This cannot work IMHO since local variables a and b are defined *after*
the block.

> p x # 3 (memoized value)
> a = 3
> p x # 5 (recalculates a + b)
> a = [1,2]
> b = [3,4]
> p x # [1,2,3,4] (recalculates a + b)
> p x # [1,2,3,4] (memoized value)
> a[1] = '.'
> p x # [1,'.',3,4] (recalculates a + b)
>
> I know there's a library called lazy.rb, but it's not exactly what I'm
> looking for as it doesn't implement this functionality.

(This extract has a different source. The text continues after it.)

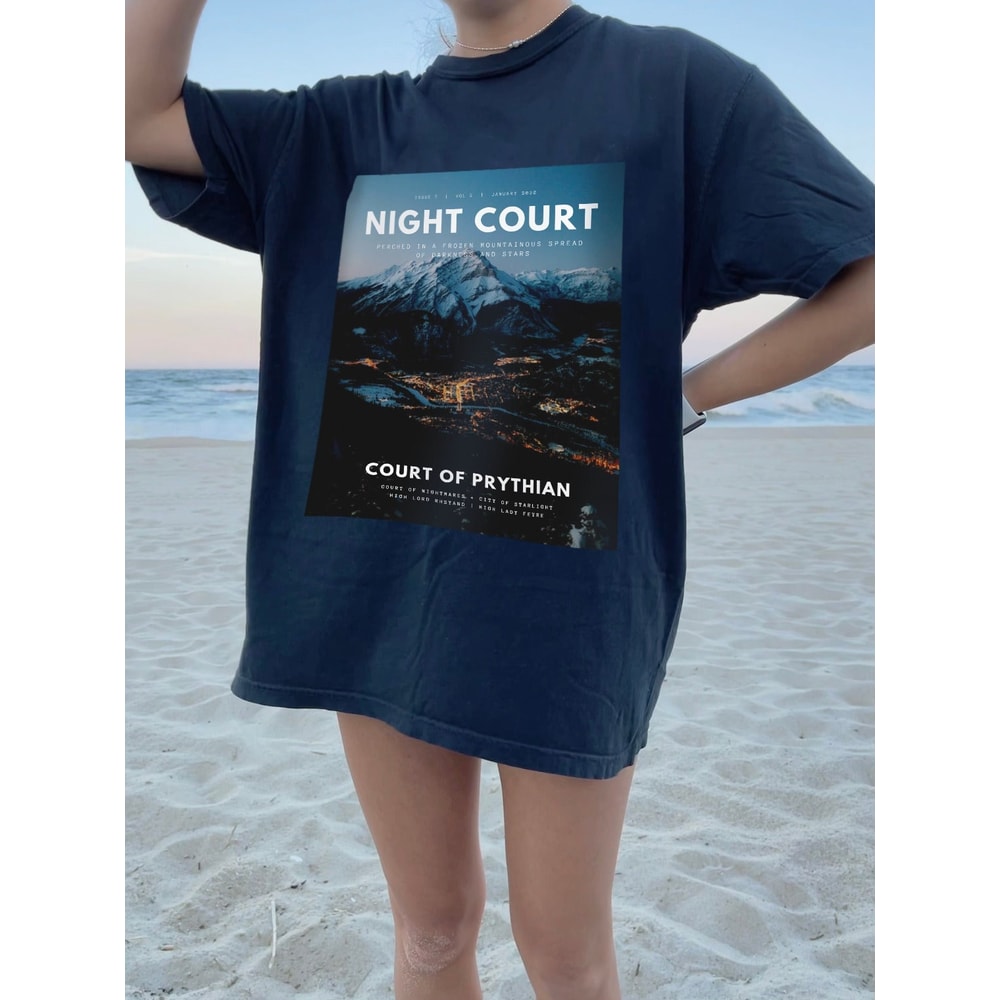 ACOTAR Night Court Velaris Magazine Shirt - A Court of Thorns Rhysand Feyre Cassian City of Starlight Minimal Sarah J Maas Licensed Shirt.jpg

IMHI you better explicitly provide arguments to whatever you use to
lazily calculate values. One way is memoize and another option is to
use a Hash for this if there is just one argument:

irb(main):023:0> square = Hash.new {|h,k| puts "called"; h[k] = k * k}
=> {}
irb(main):024:0> square[1000000]
called
=> 1000000000000
irb(main):025:0> square[1000000]
=> 1000000000000
irb(main):026:0> square[1000000]
=> 1000000000000
irb(main):027:0>

If you have more arguments, you can do

def lazy(&b)
cache = {}
lambda {|*a| cache[a] ||= b[*a]}
end

irb(main):006:0> plus2 = lazy {|a,b| puts "called #{a} + #{b}"; a+b}
=> #<Proc:0x7ff8c2d8@(irb):3>
irb(main):007:0> plus2[1,2]
called 1 + 2
=> 3
irb(main):008:0> plus2[1,2]
=> 3
irb(main):009:0> plus2[2,1]
called 2 + 1
=> 3
irb(main):010:0> plus2[2,1]
=> 3
irb(main):011:0>

Kind regards

robert

Avdi Grimm

11/1/2008 2:45:00 PM

0

On Sat, Nov 1, 2008 at 4:58 AM, Yuh-Ruey Chen <maian330@gmail.com> wrote:
> 1) Are there equivalents for iteration/enumeration functions like map
> that return iterator/enumeration objects (in a Python sense)?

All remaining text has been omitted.